Бурлак — профессия известная. Своей завидной популярностью она обязана отчасти Гиляровскому, который, разумеется, не устоял перед соблазном описать бурлацкий быт.

Кстати, вступить в бурлацкую «оравушку» было несложно — на Волге началась холера, и среди бурлаков значительно повысилась текучесть кадров. Прежде чем вступить в бурлацкую артель, надо было пройти «собеседование». А выглядело это так:

«Один старик, лежавший на штабелях теса, выгруженного на берег, сказал мне, что народом редко водят суда теперь, тащат только маленькие унжаки и коломенки, а старинных расшив что-то давно уже не видать, как в старину было.

— Вот только одна вчера такая вечером пришла, настоящая расшива, и сейчас, так версты на две выше Твериц стоит; тут у нас бурлацкая перемена споконвеку была, оравушка на базар сходит, сутки, а то и двое, отдохнет. Вон гляди!..

И указал он мне на четверых загорелых оборванцев в лаптях, выходивших из кабака. Они вышли со штофом в руках и направились к нам, их, должно быть, привлекли эти груды сложенного теса.

— Дедушка, можно у вас тут выпить и закусить?

— Да пейте, кто мешает!

— Вот спасибо, и тебе поднесем!

Молодой малый, белесоватый и длинный, в синих узких портках и новых лаптях, снял с шеи огромную вязку кренделей. Другой, коренастый мужик, вытащил жестяную кружку, третий выворотил из-за пазухи вареную печенку с хороший каравай, а четвертый, с черной бородой и огромными бровями, стал наливать вино, и первый стакан поднесли деду, который на зов подошел к ним.

— А этот малый с тобой, что ли? — мигнул черный на меня.

— Так, работенку подыскивает…

— Ведь вы с той расшивы?

— Оттоль! — и поманил меня к себе.

— Седай!

Черный осмотрел меня с головы до ног и поднес вина. Я в ответ вынул из кармана около рубля меди и серебра, отсчитал полтинник и предложил поставить штоф от меня.

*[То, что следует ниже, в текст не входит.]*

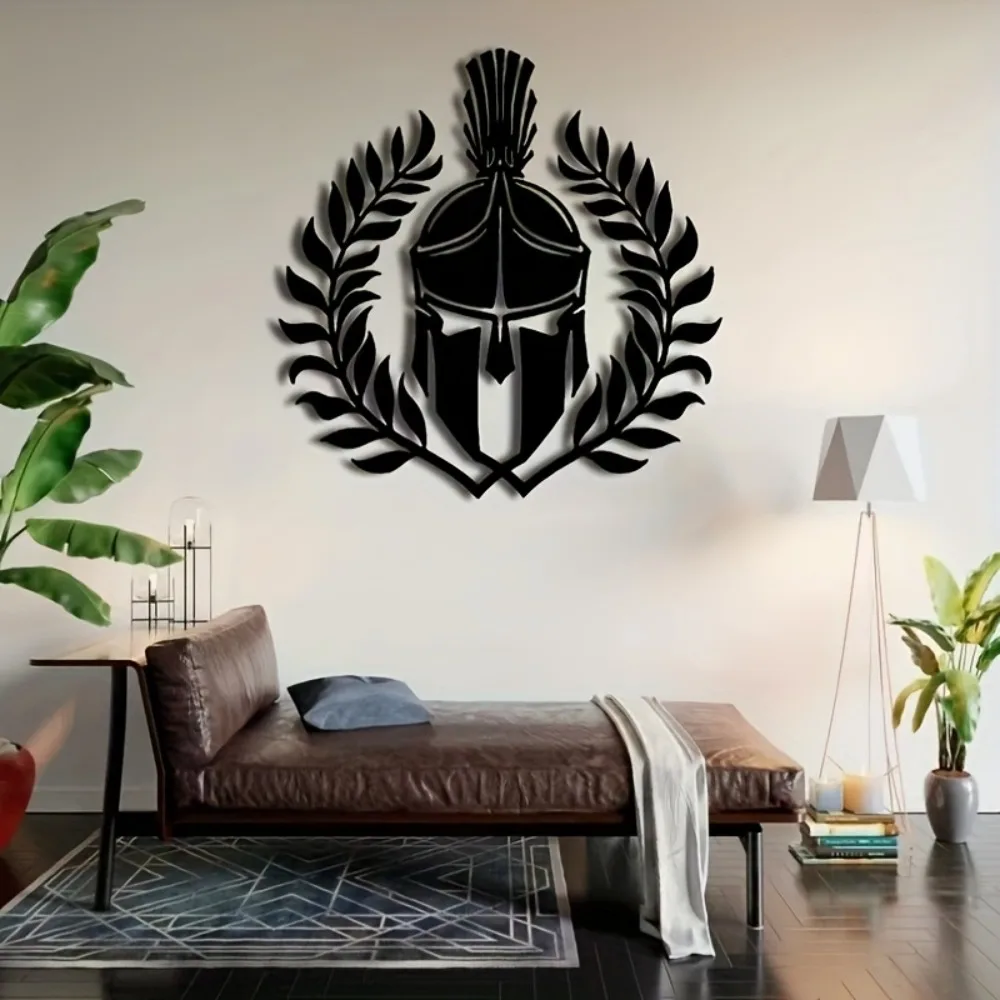 2D Flat Metal Wall Decor Gladiator Helmet Spartan Roman Style Art Ornament for Themed Party Home Wall Decoration view 4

— Вот, гляди, ребята, это все мое состояние, пропьем, а потом уж вы меня в артель возьмите, надо и лямку попробовать… Прямо говорить буду, деваться некуда, работы никакой не знаю, служил в цирке, да пришлось уйти, и паспорт там остался.

— А на кой ляд он нам?

— Ну что ж, ладно! Айда с нами, по заре выходим.

Мы пили, закусывали, разговаривали… Принесли еще штоф и допили.

— Айда-те на базар, сейчас тебя обрядить надо… Коньки брось, на липовую машину станем!

Я ликовал. Зашли в кабак, захватили еще штоф, два каравая ситнего, продали на базаре за два рубля мои сапоги, купили онучи, три пары липовых лаптей и весьма любовно указали мне, как надо обуваться, заставив меня три раза разуться и обуться. И ах, как легко после тяжелой дороги от Вологды до Ярославля показались мне лапти, о чем я и сообщил бурлакам.

— Нога-то как в трактире! Я вот сроду не носил сапогов, — утешил меня длинный малый».

Дальше было хуже. Лямка — она лямка и есть. А типичный договор, который заключали бурлаки с судовладельцем, был не шуточный: «При нанесении судна на мель или на каменистые грунты должны мы немедленно оное снимать и следовать вверх без промедления. И ежели где-либо встретится мелководье, в таком случае погрузить нам кладь с означенной расшивы его, Щаплевского, в купленные или нанятые хозяином Щаплевским паузки, за которыми ходить нам, куда от него приказано будет, с платою им на харчи каждому из нас по 15 коп. серебром в день. Сверх того, если с судном последует такое от потопа несчастье, что не будет никакой возможности оного спасти, в таком случае обязаны мы со всевозможным старанием привести оное к берегу, воду из него отлить, кладь выгрузить на берег, на удобное и безопасное от воды и огня место, подмоченную пересушить, пересушенную же обратно погрузить в то или другое судно и следовать до места назначения, не требуя от хозяина за то никакой себе прибавки сверх установленной по реестру ряды.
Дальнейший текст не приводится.